Rescue is best saved for obviously injured animals and birds, cold and limp. Wildlife Rehabilitation Ireland has all you need to know

When a northerly wind is tucked behind the hill, the stillness on this side is not merely autumnal but also quite eerie, emptying the sky of life right down to the ground.

Our swallows have long gone, deserting a western summer of such general chill and incontinence that even the midges refused to multiply. The robin that lived to pluck insects from the polytunnel’s ceiling has given up bothering to fly in; the blackbirds are skulking still.

With talk of an Indian summer, however, the hedgehopping zoom of young starlings, and another of skipping linnets, bring hints of the liberal surplus of life so vital to nature’s accounts. The 10 little tits cascading from back-garden nest boxes were enough to feed cats and magpies, bash into windows and lorries, survive infancy, autumn and winter, and leave a pair to start breeding again.

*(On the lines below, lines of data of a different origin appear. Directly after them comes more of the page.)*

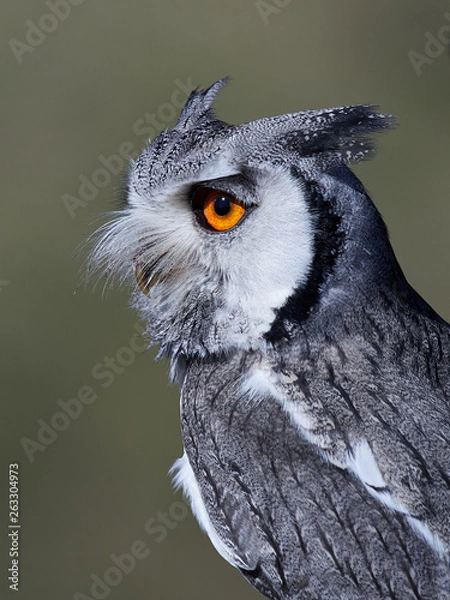 Obraz Northern white-faced owl (Ptilopsis leucotis)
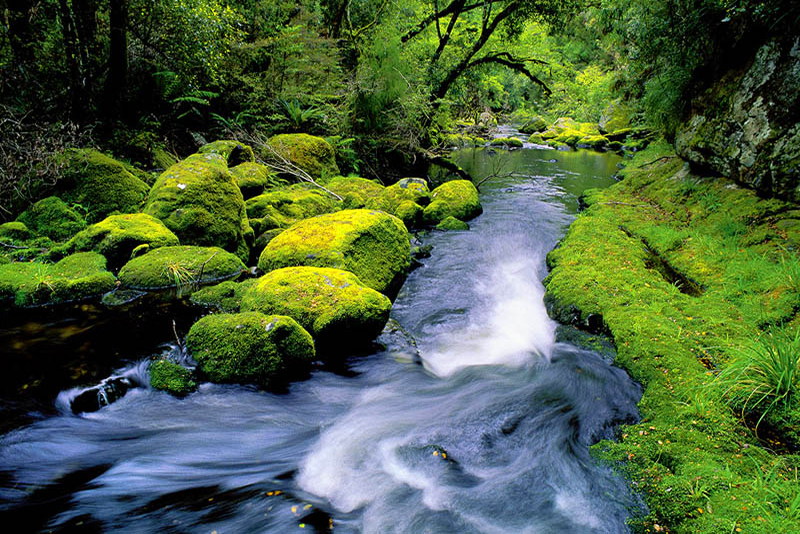 PRISTINE WATERS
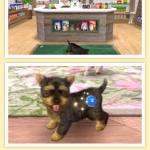 nintendogs_cats_r-5
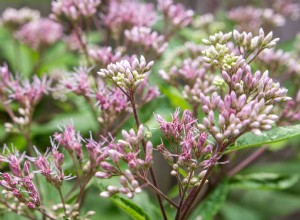 Comment faire pousser et prendre soin de Joe Pye Weed 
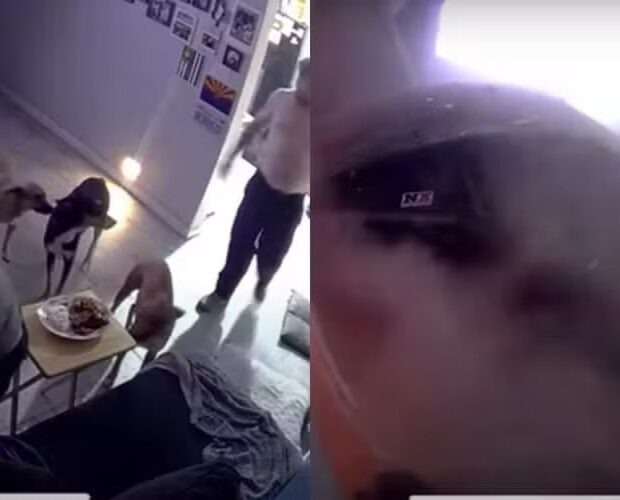 whatsapp image 2024 09 02 at 15.20.13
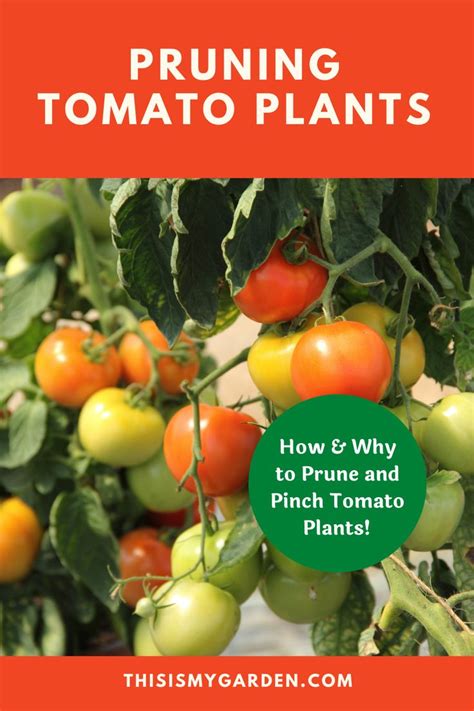 How And Why Do You Need To Prune Tomato Plants In 2021 Tomato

Ireland’s mammals, too, are produced more or less in balance with the threats from both wild and human worlds – mostly, these days, the latter. But many travel around in autumn rather less than we might suppose. Rats and rabbits, we’re told, are among the most adventurous wanderers; most other species disperse only when kicked out by their parents, for territorial reasons or in competition for food.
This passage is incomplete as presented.